▼
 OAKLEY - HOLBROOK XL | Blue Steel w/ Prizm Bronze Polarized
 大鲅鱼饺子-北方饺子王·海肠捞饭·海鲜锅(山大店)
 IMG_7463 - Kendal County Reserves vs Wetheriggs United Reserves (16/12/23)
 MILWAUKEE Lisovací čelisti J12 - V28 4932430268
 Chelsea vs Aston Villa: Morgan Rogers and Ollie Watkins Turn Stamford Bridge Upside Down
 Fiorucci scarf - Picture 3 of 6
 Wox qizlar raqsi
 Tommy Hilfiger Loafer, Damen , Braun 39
▲
▼
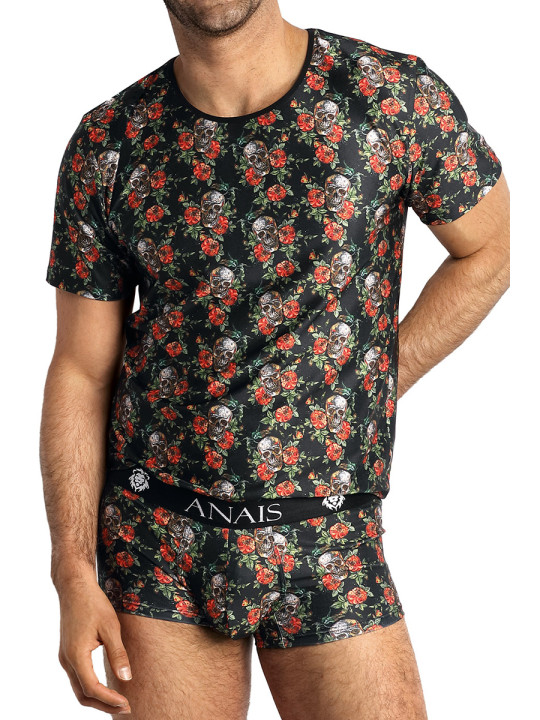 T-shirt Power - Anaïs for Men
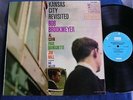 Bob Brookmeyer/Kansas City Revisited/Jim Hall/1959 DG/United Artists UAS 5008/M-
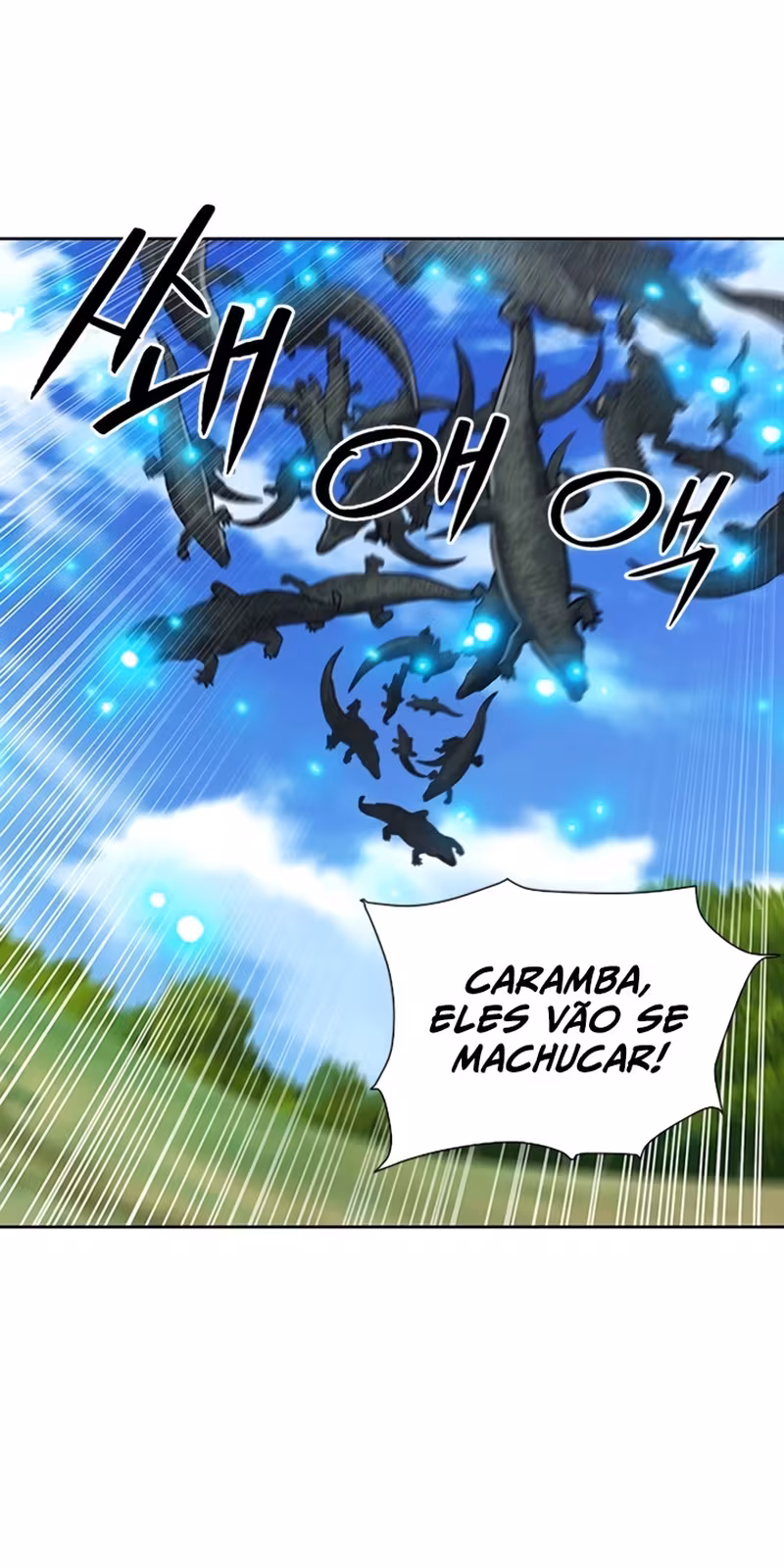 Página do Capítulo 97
▲
▼
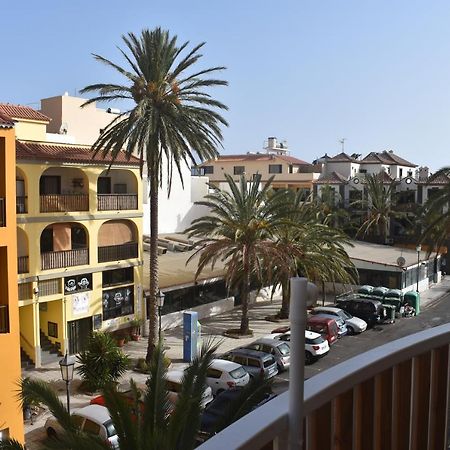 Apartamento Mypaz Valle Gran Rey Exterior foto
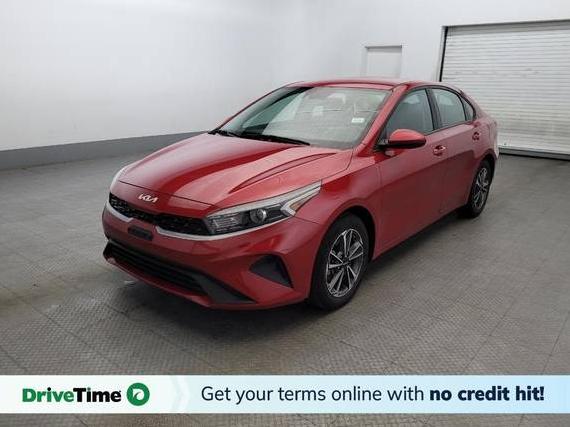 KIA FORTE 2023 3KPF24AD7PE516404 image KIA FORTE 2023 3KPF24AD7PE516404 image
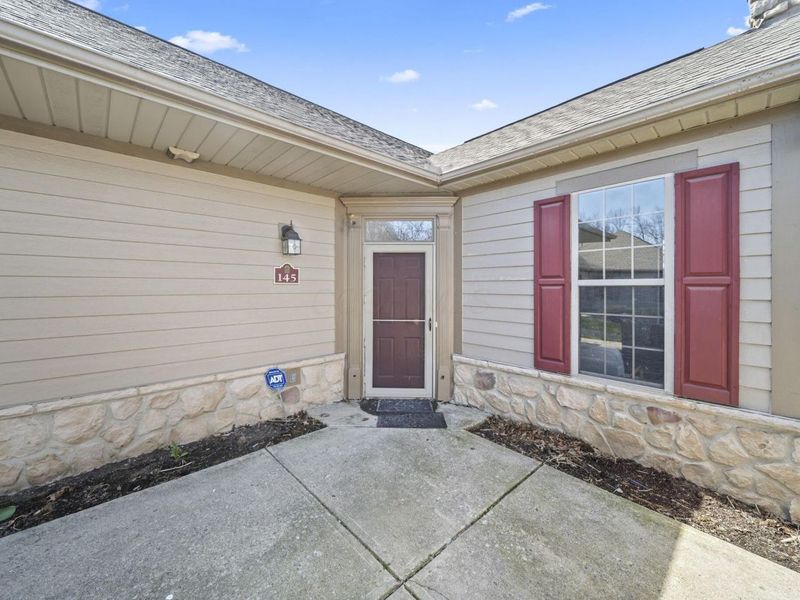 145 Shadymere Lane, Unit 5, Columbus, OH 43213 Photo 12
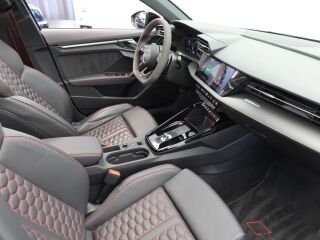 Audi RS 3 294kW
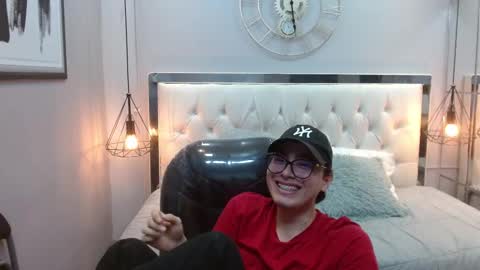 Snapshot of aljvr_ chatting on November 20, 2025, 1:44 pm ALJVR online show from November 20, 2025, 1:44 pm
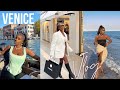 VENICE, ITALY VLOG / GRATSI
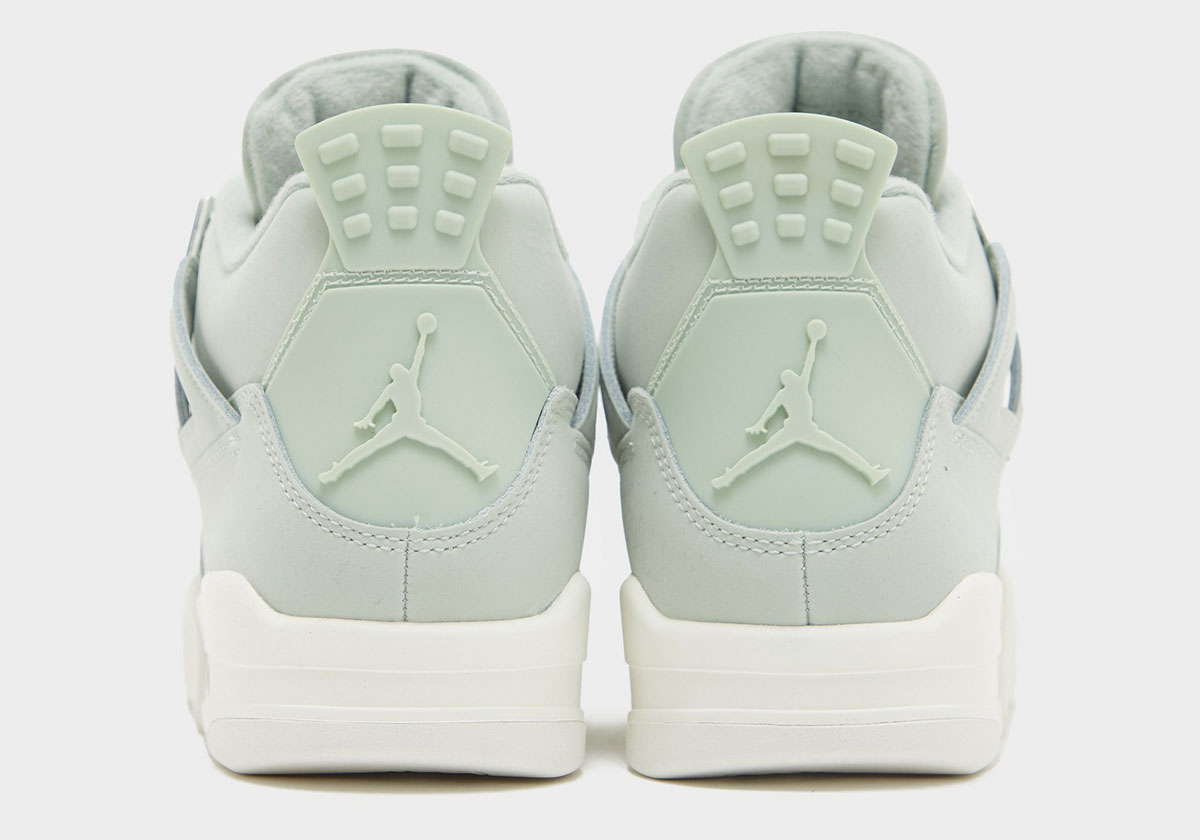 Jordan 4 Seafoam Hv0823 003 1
▲
REQUIRED WORK:
The copy should hold only the lines from the one with "T-shirt Power - Anaïs for Men" through the one with "Página do Capítulo 97", exactly as they stand above. Leave out the pictures.

PROBLEM SOLUTION:
 T-shirt Power - Anaïs for Men
 Bob Brookmeyer/Kansas City Revisited/Jim Hall/1959 DG/United Artists UAS 5008/M-
 Página do Capítulo 97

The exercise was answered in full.